Wang et al. compared the hydrogen absorption capacity of shale with and without organic matter (kerogen) at the same temperature (30 °C) and revealed that samples without organic matter had a considerably lower hydrogen adsorption capacity than those containing organic matter and the adsorption capacity of the sample without organic matter accounted for more than half of the sample with organic matter [
46]. Inorganic components include clay minerals, quartz and feldspar, and clay minerals, which are the main components of hydrogen adsorption. Therefore, their experimental conclusions are consistent with ours, that both organic matter and clay minerals have important effects on hydrogen adsorption capacity.

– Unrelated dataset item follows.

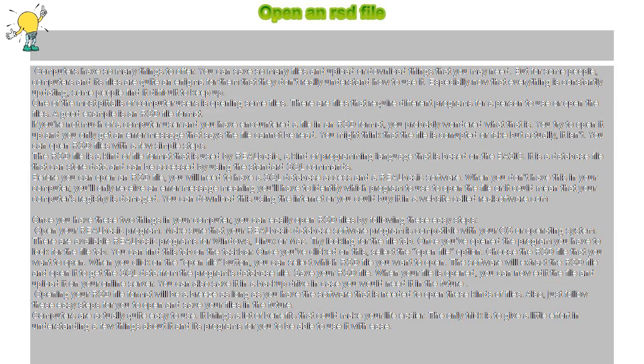Computers are actually quite easy to use. They bring a lot of benefits that could make your life easier. The only trick is to give a little effort in understanding a few things about it and its programs for you to be able to use it with ease.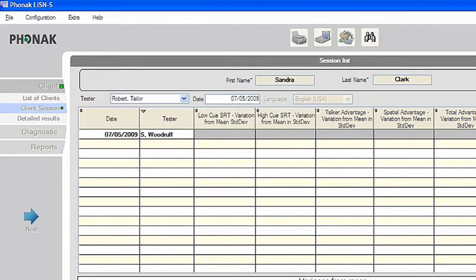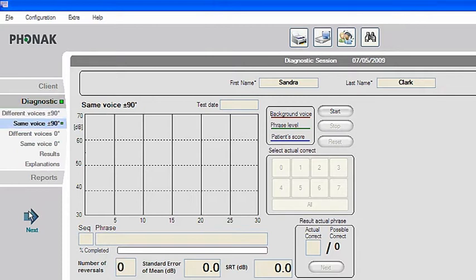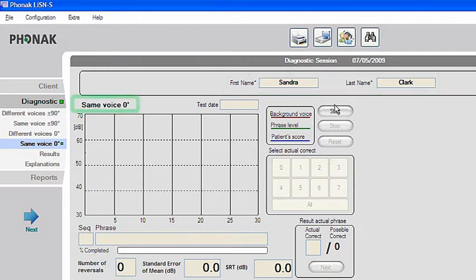Listen S uses four different test conditions and these must be administered in the correct order. The big arrow will lead you automatically through these conditions in the required sequence. The screen you see here is called the playback screen. Make yourself familiar with this, as this is an important screen. You will see the client's name, the test condition, and stop, start and reset buttons, which start, stop and reset this particular test condition.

Organic matter (kerogen) plays a crucial role in the hydrogen adsorption capacity of shale, similar to its impact on methane adsorption. Previous studies on methane adsorption in shale have suggested that organic matter controls the physical and chemical properties of mud shale [
47]. High organic matter content in shale generally corresponds to a higher hydrocarbon generation potential and great adsorption capacity characterised by a high pore volume [
47,
48]. As the organic matter content increases, hydrocarbon generation strength also increases. Simultaneously, the number and types of pores developed in the organic matter vary with the organic matter content, which also affects the adsorption capacity. Many studies have indicated a positive correlation between clay mineral content and pore volume [
49]. For example, using the Chang 7 Shale Member as an example, it was proposed that the clay mineral content controlled mesopore (10–50 nm) development. Similar indirect indications were made for the TPV of <5 nm pores in the samples based on fractal dimensions [
25]. Research on marine Longmaxi formation shale suggests that clay minerals primarily affect the development of pores in the range of 2–5 and 20–100 nm. Studies on different types of pure clay minerals have found that clay minerals primarily control the development of 2–50 nm pores [
50]. Moreover, the transformation of clay minerals can affect pore structures. For instance, the transformation of montmorillonite to illite results in a reduction in pore volume and SSA. This is because montmorillonite has a larger internal SSA and pore volume than illite. A study suggested a strong correlation between the mesopore volume and total clay content [
25]. As the clay mineral content increases, the morphological transition of mesopores from slit- to bottle-shaped occurs. Clay minerals not only control mesopore volume but also influence mesopore morphology, and the total clay content is positively correlated with SSA. In our previous study on the adsorption of hydrogen by clay minerals, montmorillonite exhibited higher adsorption than chlorite, and illite and kaolinite had adsorption capacities lower than the adsorption limit [
15]. The adsorption of hydrogen in clay minerals is positively correlated with the SSA and micropore and mesopore volume [
15]. Therefore, the higher the clay mineral content, the larger the SSA, and the larger the total pore volume, the stronger the hydrogen adsorption capacity of the shale (
Table 5).
Shale is a complex material that contains abundant organic matter in the form of kerogen. Oxygen-containing groups on shale surfaces, such as alcohols and carbonyls, bind to methane more easily than hydrogen, resulting in a lower adsorption capacity of hydrogen than methane in shale [
47]. In addition, hydrogen is a nonpolar gas and, therefore, exhibits weak interactions with shale surfaces, leading to weak physical adsorption dominated by weak van der Waals forces.